• WHAT IS EXPECTED: Under this line sits a listing. Repeat exactly and only its lines from the one holding "CHANEL Black Caviar Filigree Wallet" through the one holding "I Pirenei centrali"; skip pictures.
----- EXTRACTED RECORDS
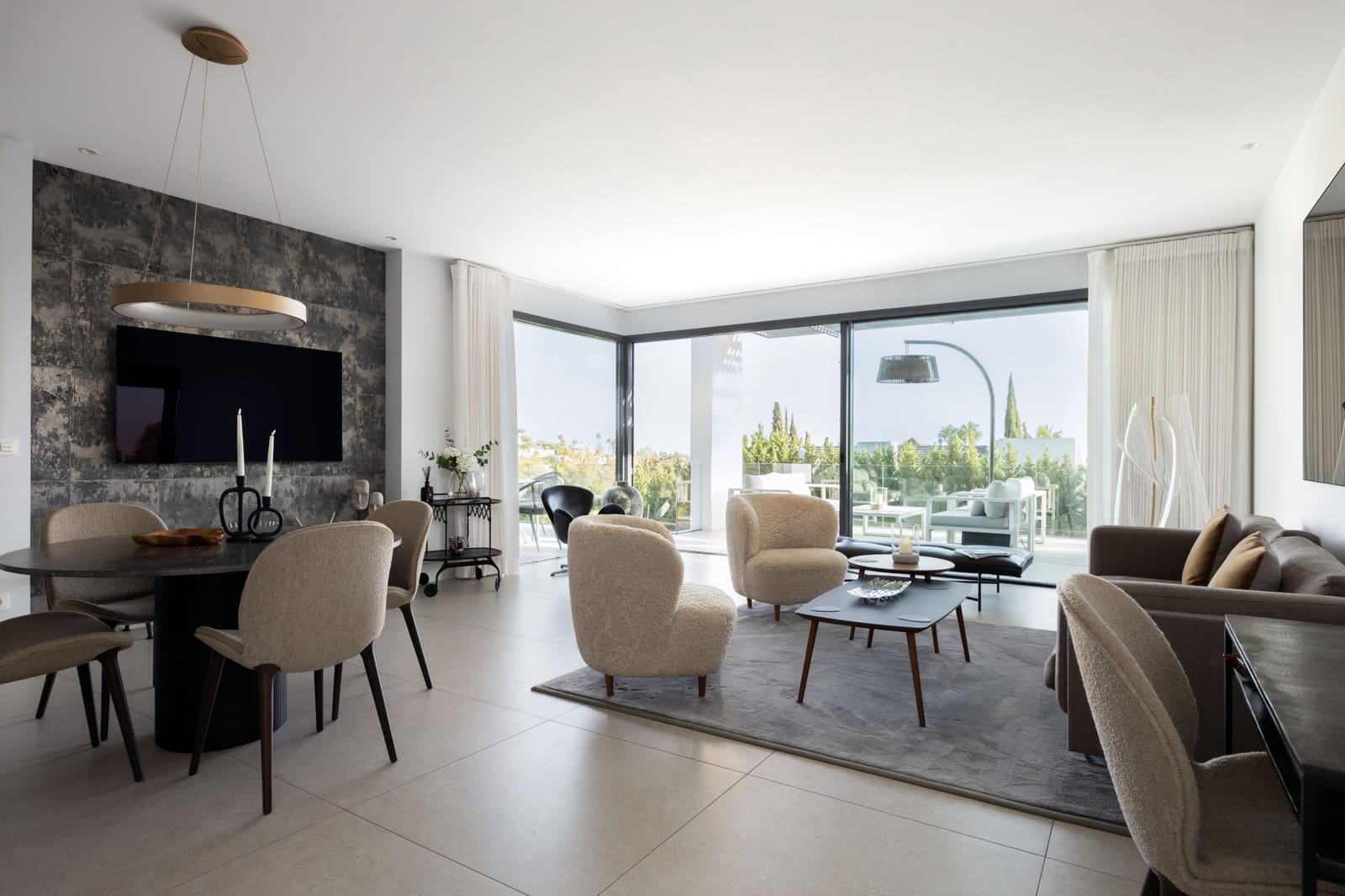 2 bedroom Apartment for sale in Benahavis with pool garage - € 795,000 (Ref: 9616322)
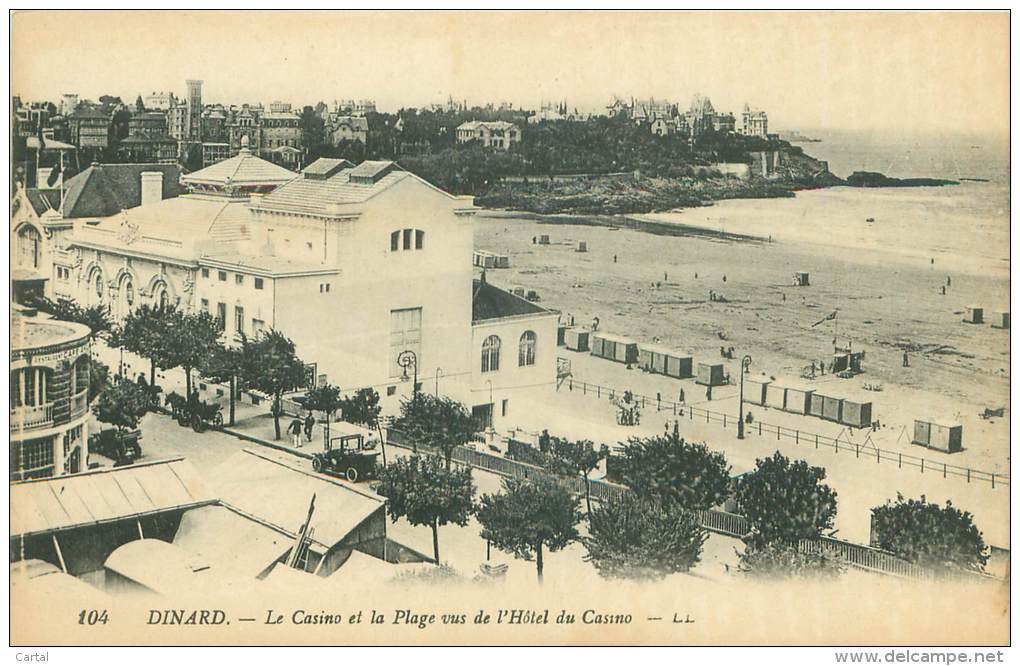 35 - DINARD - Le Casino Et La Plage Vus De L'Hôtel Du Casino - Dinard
----------
----- EXTRACTED RECORDS
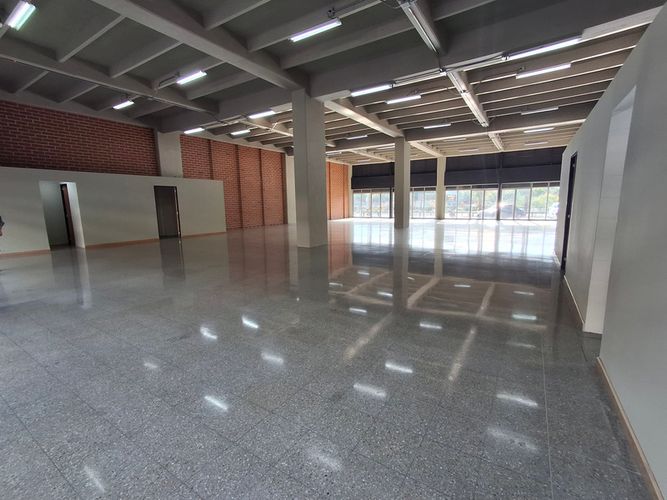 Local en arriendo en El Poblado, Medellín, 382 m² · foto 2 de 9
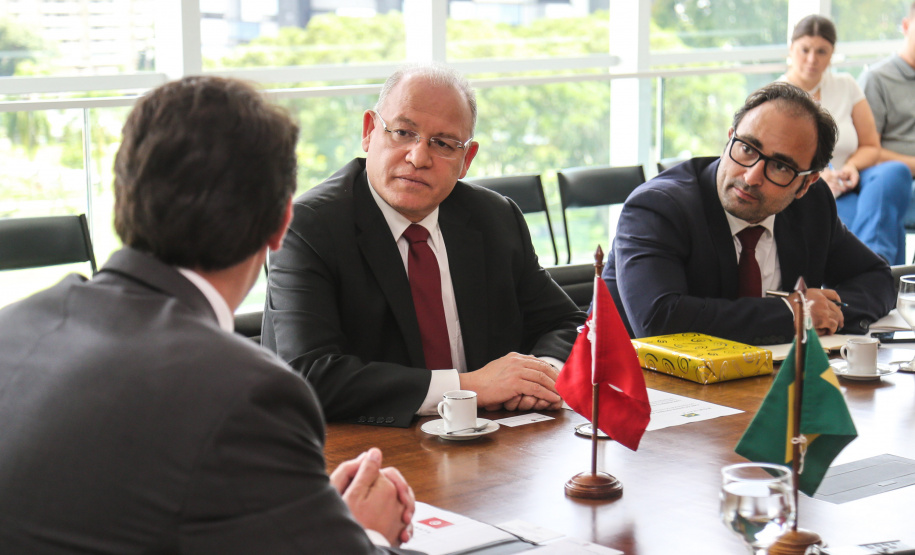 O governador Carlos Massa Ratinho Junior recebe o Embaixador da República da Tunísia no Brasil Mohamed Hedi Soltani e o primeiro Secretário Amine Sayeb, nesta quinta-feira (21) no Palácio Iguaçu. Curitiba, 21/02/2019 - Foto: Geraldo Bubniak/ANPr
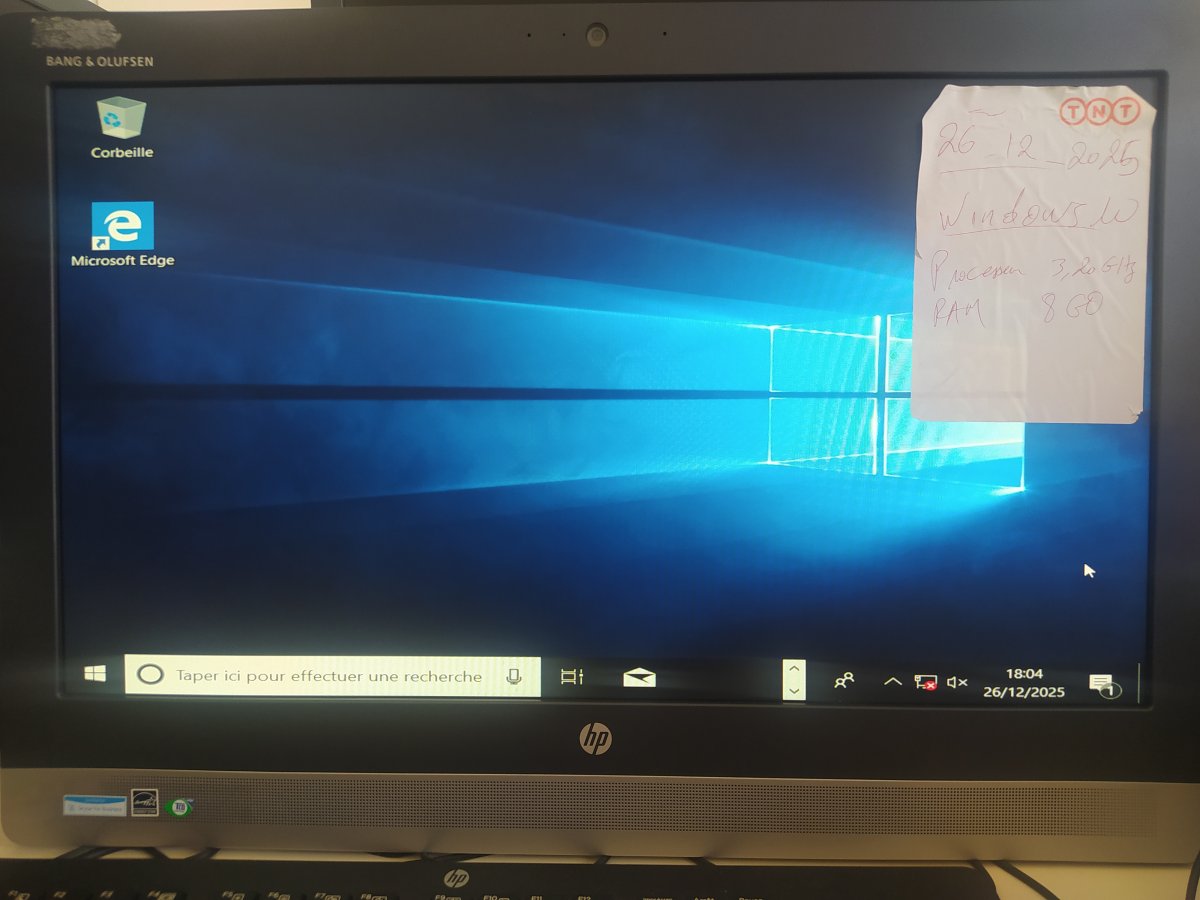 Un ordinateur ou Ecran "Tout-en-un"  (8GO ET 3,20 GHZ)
----------
----- EXTRACTED RECORDS
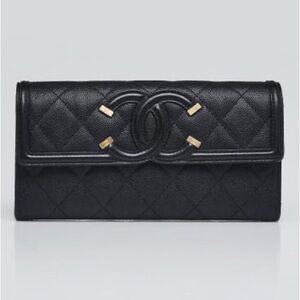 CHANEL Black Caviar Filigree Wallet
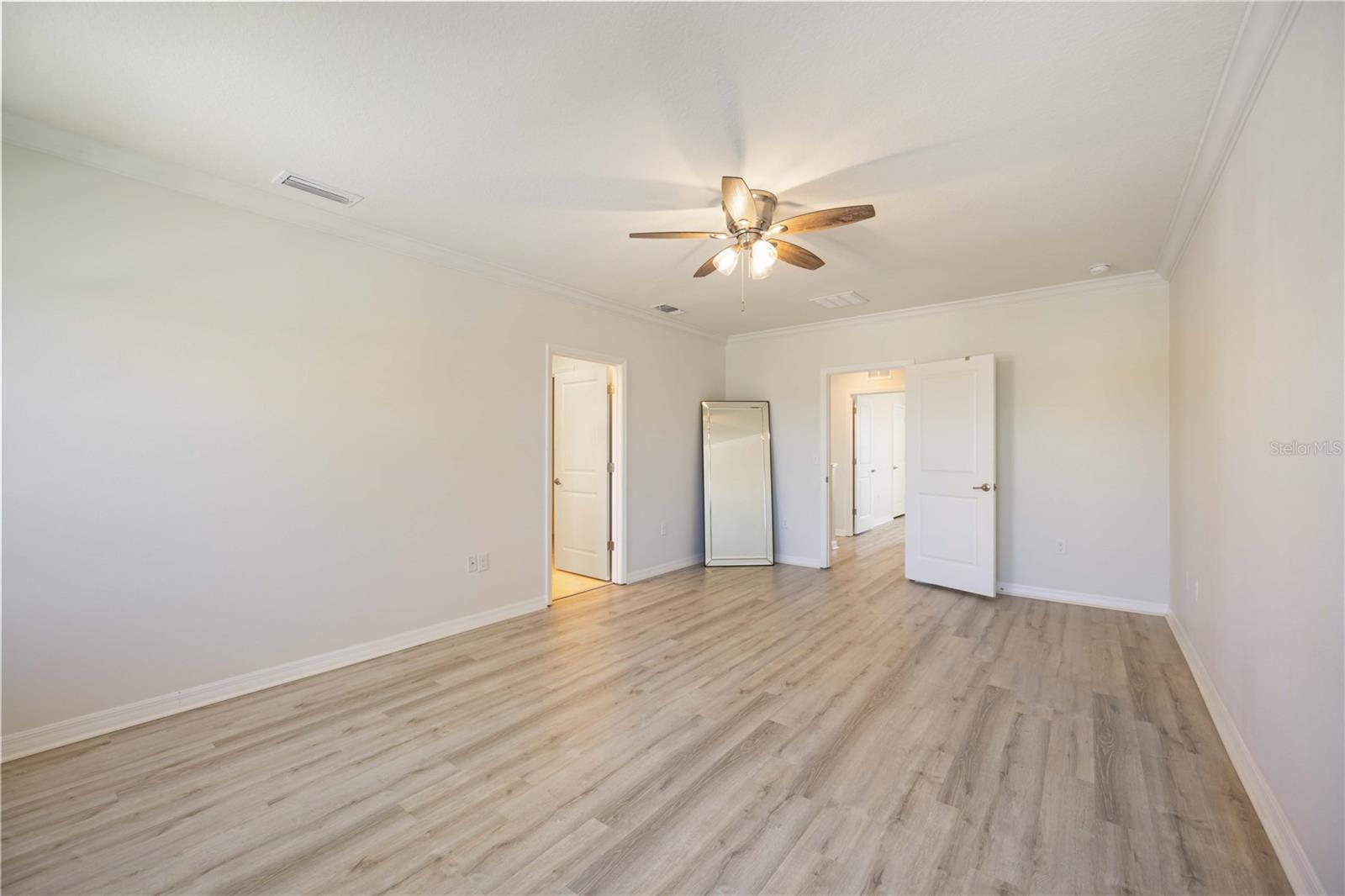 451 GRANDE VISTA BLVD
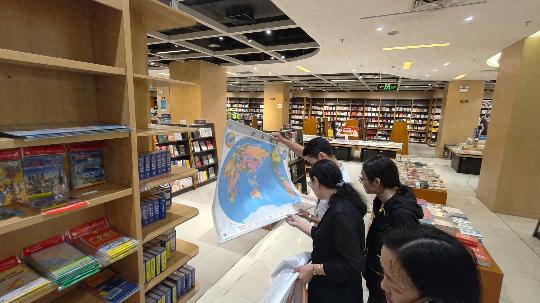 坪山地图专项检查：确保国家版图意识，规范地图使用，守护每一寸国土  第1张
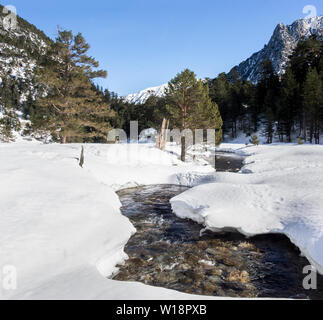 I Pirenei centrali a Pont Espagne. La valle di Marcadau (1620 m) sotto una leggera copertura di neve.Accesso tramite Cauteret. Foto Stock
----------
• SOLUTION TO THIS PROBLEM:
 CHANEL Black Caviar Filigree Wallet
 451 GRANDE VISTA BLVD
 坪山地图专项检查：确保国家版图意识，规范地图使用，守护每一寸国土  第1张
 I Pirenei centrali a Pont Espagne. La valle di Marcadau (1620 m) sotto una leggera copertura di neve.Accesso tramite Cauteret. Foto Stock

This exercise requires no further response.